A little over 20 years ago, scientists figured out how to isolate the DNA of prehistoric humans from fossils, allowing them to study ancient genetic material and learn more about the development of our species. In 2022, a team from the Planck Institute in Leipzig, Germany followed in the footsteps of that development by discovering Neanderthal DNA in a cave in Belgium—a cave completely devoid of Neanderthal fossils. The scientists needed only scraps of DNA found in soil samples to characterize it as Neanderthal and study it in detail. As The Guardian reports, this technique represents a significant advance in the field of evolutionary biology.
What Can Scientists Learn From Ancient DNA?
By studying ancient DNA, scientists can uncover otherwise unknowable revelations about our ancestors and other human species. For example, by identifying genetic markers in DNA from the first farmers, we know that a distinct population known as basal Eurasians lived in the Middle East around 15,000 years ago, even without any physical evidence of their existence. DNA analysis has similarly shown that while much of the human genome is interspersed with Neanderthal DNA, there are genes in which no Neanderthal traces can be found, meaning the people who inherited the Neanderthal versions were stuck with some yet-unknown evolutionary disadvantage and died out as a result.

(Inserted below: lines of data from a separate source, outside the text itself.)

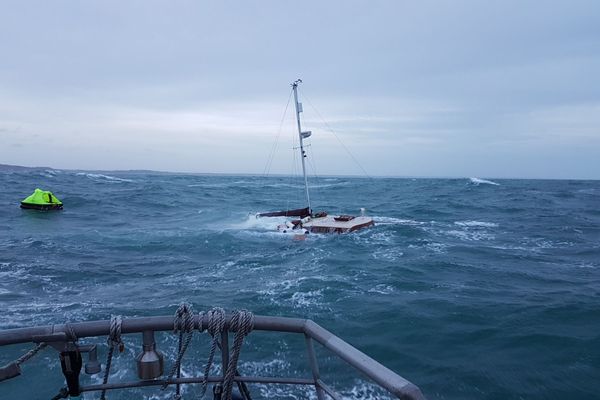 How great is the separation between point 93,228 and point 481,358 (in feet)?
79.5

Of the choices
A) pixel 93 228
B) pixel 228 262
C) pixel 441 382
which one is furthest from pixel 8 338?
pixel 93 228

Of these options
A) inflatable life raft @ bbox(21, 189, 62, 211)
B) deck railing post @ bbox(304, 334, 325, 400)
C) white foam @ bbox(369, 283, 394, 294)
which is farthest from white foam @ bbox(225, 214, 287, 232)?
deck railing post @ bbox(304, 334, 325, 400)

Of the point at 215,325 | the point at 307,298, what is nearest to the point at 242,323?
the point at 215,325

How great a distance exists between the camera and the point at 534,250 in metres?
19.0

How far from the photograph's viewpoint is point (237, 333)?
262 centimetres

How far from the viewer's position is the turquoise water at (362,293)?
811 cm

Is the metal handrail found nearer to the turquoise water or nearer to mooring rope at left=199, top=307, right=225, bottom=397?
mooring rope at left=199, top=307, right=225, bottom=397

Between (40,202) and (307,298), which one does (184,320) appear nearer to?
(307,298)

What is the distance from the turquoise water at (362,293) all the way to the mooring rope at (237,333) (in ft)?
16.3

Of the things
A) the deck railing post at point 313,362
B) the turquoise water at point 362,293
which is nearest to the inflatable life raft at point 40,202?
the turquoise water at point 362,293

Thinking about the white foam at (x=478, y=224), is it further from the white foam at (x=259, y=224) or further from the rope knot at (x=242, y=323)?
the rope knot at (x=242, y=323)

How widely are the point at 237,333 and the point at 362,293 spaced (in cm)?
1095

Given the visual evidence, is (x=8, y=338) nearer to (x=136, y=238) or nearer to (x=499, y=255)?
(x=499, y=255)

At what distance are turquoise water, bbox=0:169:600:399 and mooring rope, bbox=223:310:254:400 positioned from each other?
496 centimetres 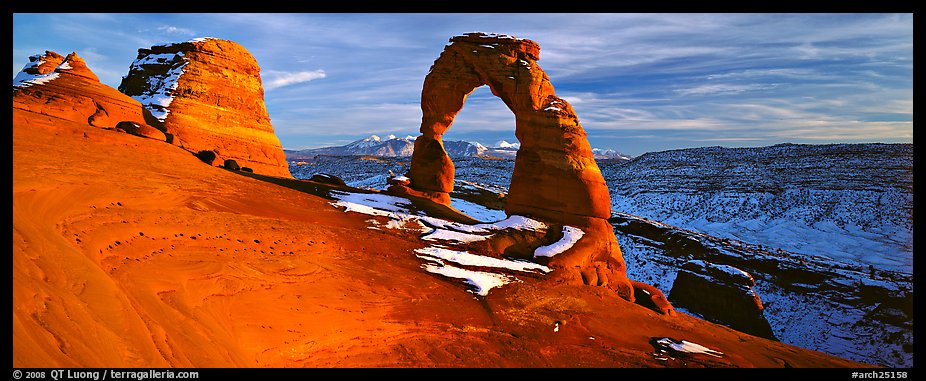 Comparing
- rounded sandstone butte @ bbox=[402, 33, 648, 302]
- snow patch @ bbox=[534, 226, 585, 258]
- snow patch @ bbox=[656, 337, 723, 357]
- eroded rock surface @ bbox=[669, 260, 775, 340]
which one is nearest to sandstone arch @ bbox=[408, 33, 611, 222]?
rounded sandstone butte @ bbox=[402, 33, 648, 302]

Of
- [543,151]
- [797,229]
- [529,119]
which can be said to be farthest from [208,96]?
[797,229]

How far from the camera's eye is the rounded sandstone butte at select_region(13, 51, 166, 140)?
Answer: 1705 centimetres

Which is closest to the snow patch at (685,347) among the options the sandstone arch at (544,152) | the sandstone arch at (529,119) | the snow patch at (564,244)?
the sandstone arch at (544,152)

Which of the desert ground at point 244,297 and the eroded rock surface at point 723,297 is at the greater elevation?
the desert ground at point 244,297

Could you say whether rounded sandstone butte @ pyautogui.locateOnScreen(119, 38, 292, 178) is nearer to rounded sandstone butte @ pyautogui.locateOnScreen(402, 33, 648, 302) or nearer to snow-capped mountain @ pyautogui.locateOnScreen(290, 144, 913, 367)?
rounded sandstone butte @ pyautogui.locateOnScreen(402, 33, 648, 302)

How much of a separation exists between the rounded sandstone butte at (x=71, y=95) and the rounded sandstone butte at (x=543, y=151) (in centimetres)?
1403

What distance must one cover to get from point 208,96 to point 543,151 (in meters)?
23.7

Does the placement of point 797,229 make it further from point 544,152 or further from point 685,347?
point 685,347

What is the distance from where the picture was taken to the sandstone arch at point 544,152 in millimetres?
16188

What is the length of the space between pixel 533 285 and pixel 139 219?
33.7 feet

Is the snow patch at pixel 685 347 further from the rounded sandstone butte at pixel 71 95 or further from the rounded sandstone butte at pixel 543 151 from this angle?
the rounded sandstone butte at pixel 71 95

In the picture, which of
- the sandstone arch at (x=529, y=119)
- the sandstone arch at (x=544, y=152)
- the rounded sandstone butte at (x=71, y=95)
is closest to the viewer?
the sandstone arch at (x=544, y=152) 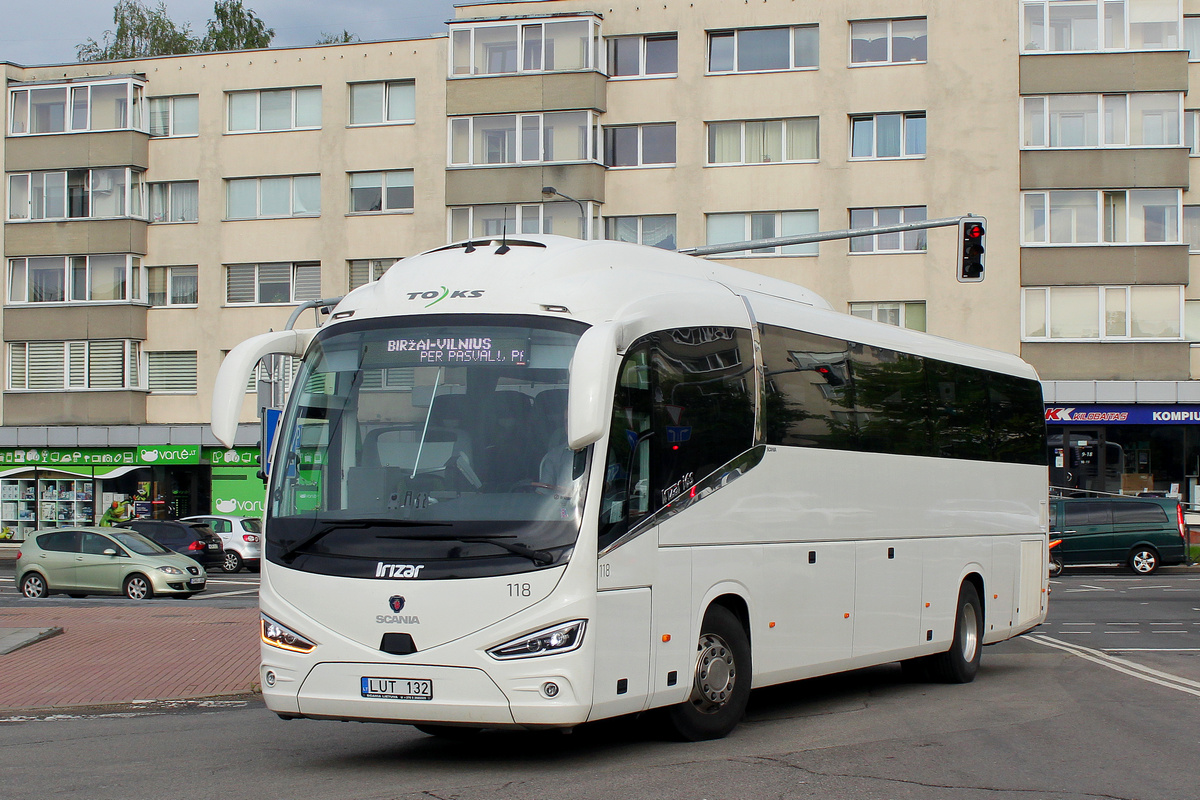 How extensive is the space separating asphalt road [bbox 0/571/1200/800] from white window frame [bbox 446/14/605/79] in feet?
100

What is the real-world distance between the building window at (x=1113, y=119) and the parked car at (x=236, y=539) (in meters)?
23.3

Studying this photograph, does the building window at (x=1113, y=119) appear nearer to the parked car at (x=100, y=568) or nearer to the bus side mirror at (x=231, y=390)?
the parked car at (x=100, y=568)

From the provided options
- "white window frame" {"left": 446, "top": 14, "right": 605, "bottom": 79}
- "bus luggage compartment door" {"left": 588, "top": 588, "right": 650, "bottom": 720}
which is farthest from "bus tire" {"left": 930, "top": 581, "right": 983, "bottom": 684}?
"white window frame" {"left": 446, "top": 14, "right": 605, "bottom": 79}

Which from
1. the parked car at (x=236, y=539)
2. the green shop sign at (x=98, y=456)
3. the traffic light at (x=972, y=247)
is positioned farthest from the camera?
the green shop sign at (x=98, y=456)

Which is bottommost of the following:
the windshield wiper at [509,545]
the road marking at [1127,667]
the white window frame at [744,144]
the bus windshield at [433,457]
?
the road marking at [1127,667]

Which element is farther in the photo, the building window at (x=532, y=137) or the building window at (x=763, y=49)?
the building window at (x=532, y=137)

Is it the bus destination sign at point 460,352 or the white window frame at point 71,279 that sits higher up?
the white window frame at point 71,279

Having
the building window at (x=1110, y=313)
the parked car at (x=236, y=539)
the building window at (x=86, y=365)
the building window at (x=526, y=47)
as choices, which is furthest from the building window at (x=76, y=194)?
the building window at (x=1110, y=313)

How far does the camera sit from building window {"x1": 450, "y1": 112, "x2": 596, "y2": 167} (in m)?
41.4

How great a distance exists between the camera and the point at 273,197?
1762 inches

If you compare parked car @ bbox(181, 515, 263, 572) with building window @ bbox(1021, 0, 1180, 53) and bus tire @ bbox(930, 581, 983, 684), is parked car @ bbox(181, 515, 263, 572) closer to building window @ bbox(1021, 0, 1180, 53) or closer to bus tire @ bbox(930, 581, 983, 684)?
building window @ bbox(1021, 0, 1180, 53)

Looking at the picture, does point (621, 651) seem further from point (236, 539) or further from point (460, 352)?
point (236, 539)

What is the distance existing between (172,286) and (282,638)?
3930cm

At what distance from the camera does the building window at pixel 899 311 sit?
4006cm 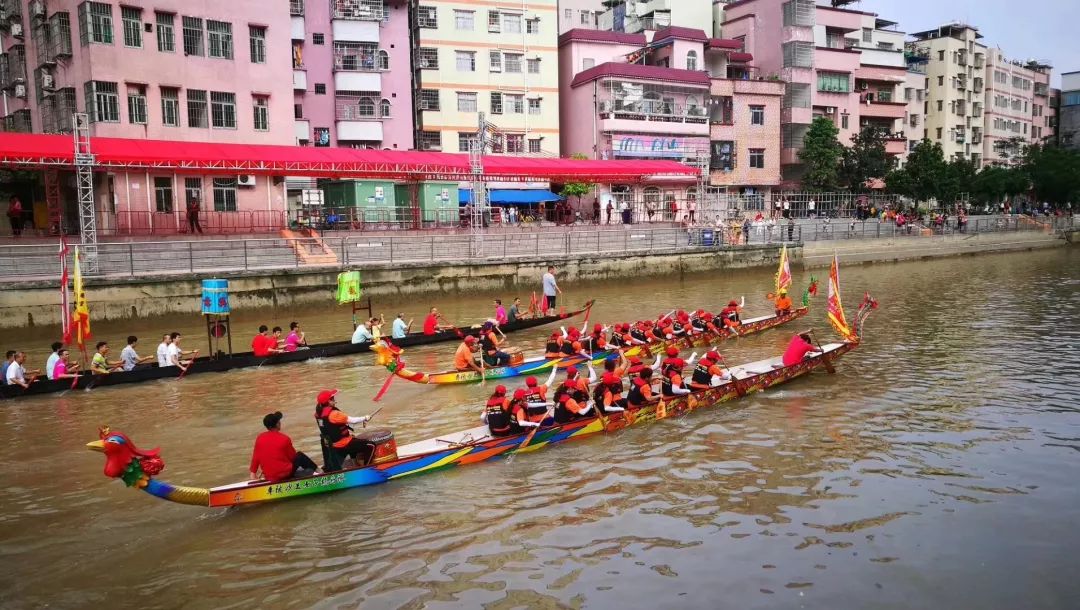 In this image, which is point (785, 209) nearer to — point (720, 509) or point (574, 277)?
point (574, 277)

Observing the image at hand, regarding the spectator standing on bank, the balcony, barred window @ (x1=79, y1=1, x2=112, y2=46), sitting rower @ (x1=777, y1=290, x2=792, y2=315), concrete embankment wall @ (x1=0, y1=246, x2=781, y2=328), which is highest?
the balcony

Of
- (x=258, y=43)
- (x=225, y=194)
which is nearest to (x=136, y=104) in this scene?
(x=225, y=194)

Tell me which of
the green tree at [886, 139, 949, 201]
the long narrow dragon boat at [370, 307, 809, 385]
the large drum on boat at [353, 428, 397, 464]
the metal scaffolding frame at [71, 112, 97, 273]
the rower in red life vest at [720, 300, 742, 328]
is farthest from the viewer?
the green tree at [886, 139, 949, 201]

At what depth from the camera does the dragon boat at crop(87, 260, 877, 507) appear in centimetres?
932

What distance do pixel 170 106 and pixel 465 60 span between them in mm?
19684

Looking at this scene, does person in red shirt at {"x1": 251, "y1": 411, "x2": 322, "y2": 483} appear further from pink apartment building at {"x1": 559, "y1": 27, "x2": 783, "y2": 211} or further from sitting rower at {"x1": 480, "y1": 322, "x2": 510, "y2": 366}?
pink apartment building at {"x1": 559, "y1": 27, "x2": 783, "y2": 211}

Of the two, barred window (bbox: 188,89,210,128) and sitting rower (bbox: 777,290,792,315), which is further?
barred window (bbox: 188,89,210,128)

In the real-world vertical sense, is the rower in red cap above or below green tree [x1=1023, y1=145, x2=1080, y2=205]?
below

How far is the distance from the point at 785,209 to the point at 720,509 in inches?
1721

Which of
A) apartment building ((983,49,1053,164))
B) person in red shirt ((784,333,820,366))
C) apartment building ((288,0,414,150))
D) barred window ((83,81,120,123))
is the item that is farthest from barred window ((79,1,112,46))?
apartment building ((983,49,1053,164))

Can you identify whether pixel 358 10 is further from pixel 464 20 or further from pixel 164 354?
pixel 164 354

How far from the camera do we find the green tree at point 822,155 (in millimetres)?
53719

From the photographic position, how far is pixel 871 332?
2377 cm

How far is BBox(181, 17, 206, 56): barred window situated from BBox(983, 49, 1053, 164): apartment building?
7294 centimetres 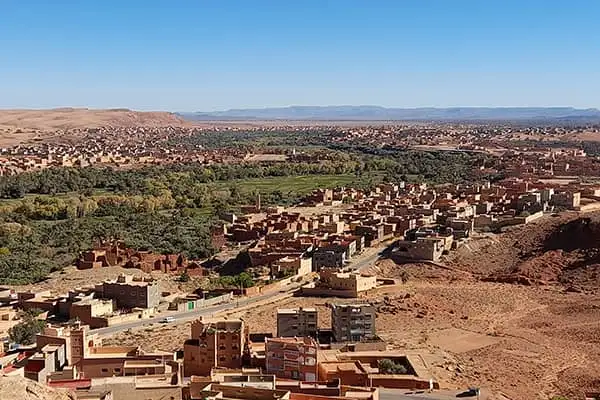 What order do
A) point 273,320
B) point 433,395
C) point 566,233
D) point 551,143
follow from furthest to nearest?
point 551,143 → point 566,233 → point 273,320 → point 433,395

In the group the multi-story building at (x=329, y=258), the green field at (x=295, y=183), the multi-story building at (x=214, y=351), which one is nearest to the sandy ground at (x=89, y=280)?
the multi-story building at (x=329, y=258)

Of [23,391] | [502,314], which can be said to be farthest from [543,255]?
[23,391]

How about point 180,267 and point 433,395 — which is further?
point 180,267

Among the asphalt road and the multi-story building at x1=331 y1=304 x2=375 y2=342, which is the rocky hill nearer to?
the asphalt road

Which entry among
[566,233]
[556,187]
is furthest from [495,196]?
[566,233]

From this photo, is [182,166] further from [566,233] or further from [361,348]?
[361,348]

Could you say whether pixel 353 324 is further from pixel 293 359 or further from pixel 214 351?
pixel 214 351

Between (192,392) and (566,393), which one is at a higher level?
(192,392)

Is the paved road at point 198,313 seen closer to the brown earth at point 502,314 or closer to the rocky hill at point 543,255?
the brown earth at point 502,314

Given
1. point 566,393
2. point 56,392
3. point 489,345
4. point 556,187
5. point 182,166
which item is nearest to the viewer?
point 56,392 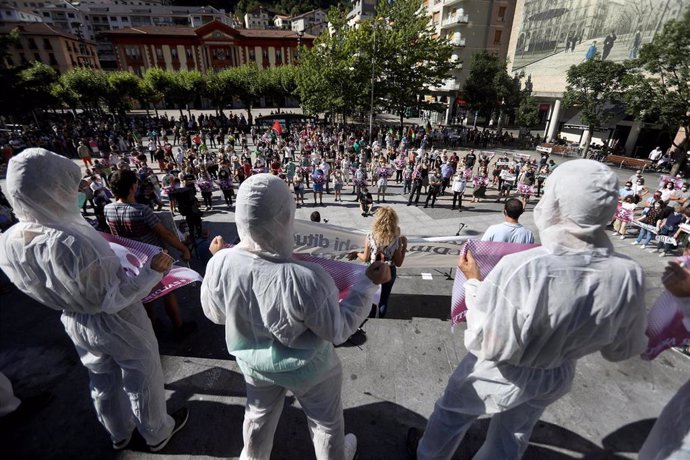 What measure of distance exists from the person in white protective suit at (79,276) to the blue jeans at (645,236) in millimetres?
10474

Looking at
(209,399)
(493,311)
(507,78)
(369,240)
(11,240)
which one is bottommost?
(209,399)

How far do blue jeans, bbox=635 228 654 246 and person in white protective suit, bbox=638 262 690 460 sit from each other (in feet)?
27.2

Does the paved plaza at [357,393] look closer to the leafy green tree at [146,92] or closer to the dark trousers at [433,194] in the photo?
the dark trousers at [433,194]

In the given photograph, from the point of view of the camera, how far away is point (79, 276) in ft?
6.67

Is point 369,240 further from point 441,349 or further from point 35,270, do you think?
point 35,270

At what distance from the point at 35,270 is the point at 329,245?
11.1ft

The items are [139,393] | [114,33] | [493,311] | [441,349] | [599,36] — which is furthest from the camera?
[114,33]

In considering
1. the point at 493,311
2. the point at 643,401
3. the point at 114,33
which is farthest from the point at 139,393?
the point at 114,33

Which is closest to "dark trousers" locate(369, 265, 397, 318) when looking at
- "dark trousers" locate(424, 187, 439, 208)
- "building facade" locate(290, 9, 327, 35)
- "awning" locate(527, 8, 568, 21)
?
"dark trousers" locate(424, 187, 439, 208)

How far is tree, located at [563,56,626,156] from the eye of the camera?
18922 mm

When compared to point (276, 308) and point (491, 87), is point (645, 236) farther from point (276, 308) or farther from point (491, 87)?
point (491, 87)

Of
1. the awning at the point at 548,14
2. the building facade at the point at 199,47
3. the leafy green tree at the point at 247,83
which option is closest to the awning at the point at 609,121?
the awning at the point at 548,14

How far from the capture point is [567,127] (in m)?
27.3

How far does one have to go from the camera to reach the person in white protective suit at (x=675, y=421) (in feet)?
5.51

The Future of Ancient DNA Analysis
There remain huge gaps in our understanding of human evolution and archaic history, the mysterious disadvantage of Neanderthal genes being just one example. The ability to rigorously analyze small amounts of DNA opens a world of discoveries that bones and fossils could never have revealed, but which we are only beginning to shed light onto. Further progress using these techniques will teach us more not only about how early humans migrated and interacted, but how exactly they evolved, and likewise how they gave rise to the humans that walk the planet today.